Location
- 6500 Turkey Lake Road Orlando, Florida 32819 United States 28°28′12″N 81°28′39″W﻿ / ﻿28.47000°N 81.47750°W

Information
- Type: Public
- Motto: "Never less than the best!"
- Established: 1987
- School district: Orange County Public Schools
- Principal: Jackie Ramsey
- Teaching staff: 133.00 (on an FTE basis)
- Enrollment: 3,042 (2023–2024)
- Student to teacher ratio: 22.87
- Hours in school day: 7 hours
- Colors: Navy Blue Carolina Blue
- Mascot: Florida panther
- Team name: Panthers
- Newspaper: The Panther Post
- Yearbook: Panther
- Website: drphillipshs.ocps.net

= Dr. Phillips High School =

American public high school

Dr. Phillips High School is a public high school in Dr. Phillips, Florida, United States, near Orlando. It serves the Dr. Phillips census-designated place (CDP), the Bay Hill CDP, and the residential portion of Lake Buena Vista.

== History ==
Dr. Phillips High School opened in fall of 1987 and was built for about 2,500 students in the Dr. Phillips area of southwest Orange County, Florida.

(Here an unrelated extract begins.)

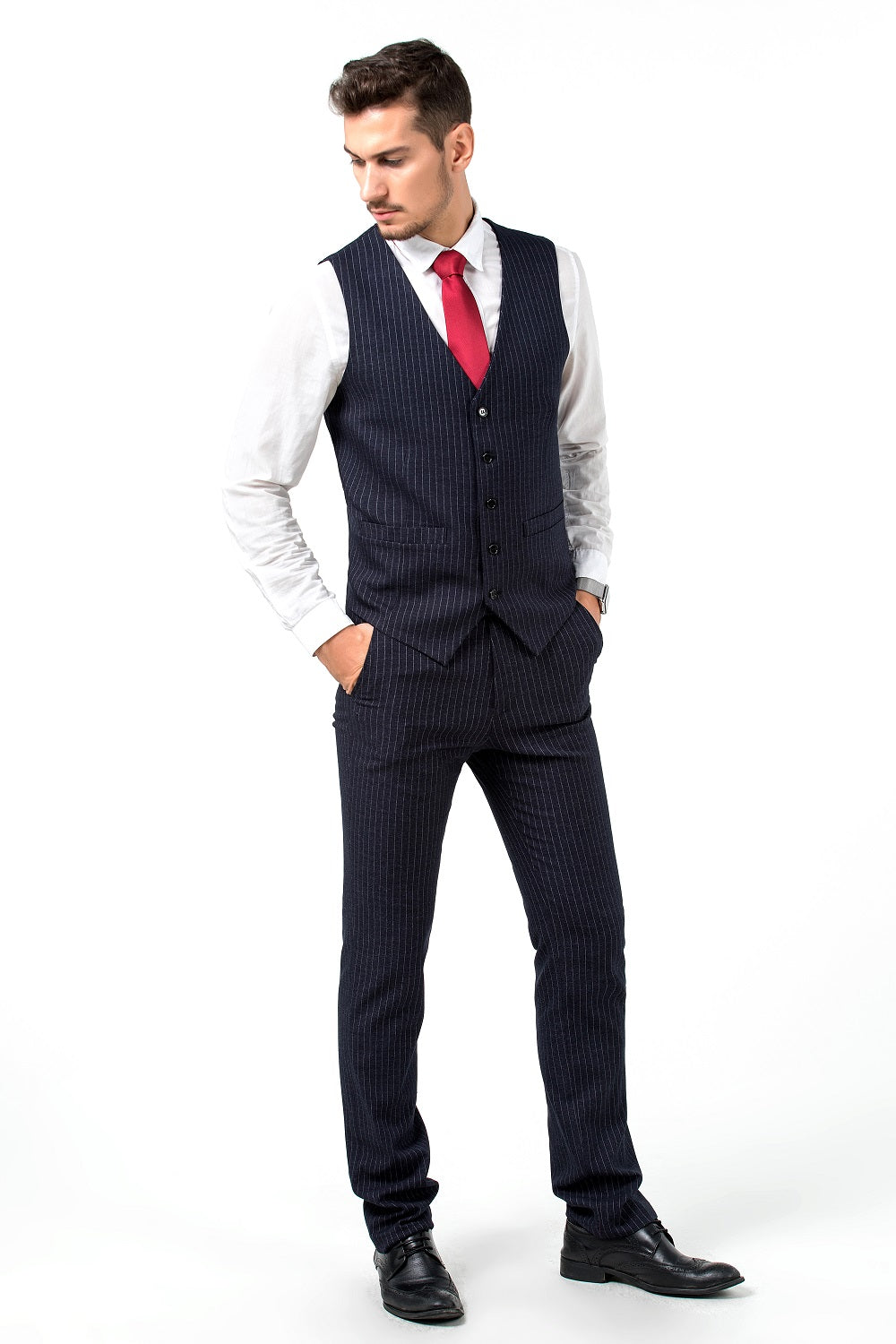 ly1523 Navy Stripe Men's 3 Piece Set Double Breasted Blazer Vest Pants for Party, Wedding and Business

The campus sits on 55 acre in the Orlando city limits and unincorporated Orange County, opposite Universal Orlando. The school serves as a Visual and Performing Arts Magnet and Center for International Studies magnet for Orange County Public Schools.

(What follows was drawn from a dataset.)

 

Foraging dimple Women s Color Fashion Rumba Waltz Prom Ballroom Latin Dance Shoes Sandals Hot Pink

The school's first principal, Bill Spoone, went on to be elected to the Orange County School Board. The football stadium is named after him. The school's gymnasium is named after its second principal, Larry Payne, and is nicknamed "The House of Payne."

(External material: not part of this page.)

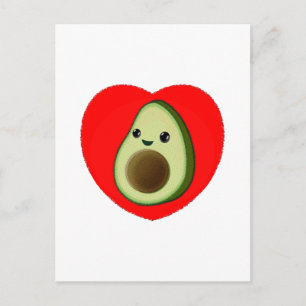 Carte Postale Bébé mignon Dessin Avocado Dans Le Coeur Rouge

The school opened with enrollment above capacity and began using portable classrooms on the North Campus, formerly known as the 9th Grade Center. Due to overflow from main campus, many non-freshman classes were moved into additional portable classrooms at the 9th Grade Center, which was renamed North Campus, with the main campus renamed the South Campus. Portable classrooms are still used on the North Campus and are primarily for freshman-level classes.

Since the 2022-2023 school year, most of the portables have been shut down, due to the aging conditions and the possibility of a future renovation. In October 2024, construction workers began to destroy or transport the portables, and most of the area is now rubble and construction sand. As of December 2024, only around eight portables currently remain, awaiting to be destroyed or transported.

As of the 2014-15 school year the school had 3,641 students, of whom 35% were white, 32% African American, 24% Hispanic, 7% Asian, and 2% multiracial.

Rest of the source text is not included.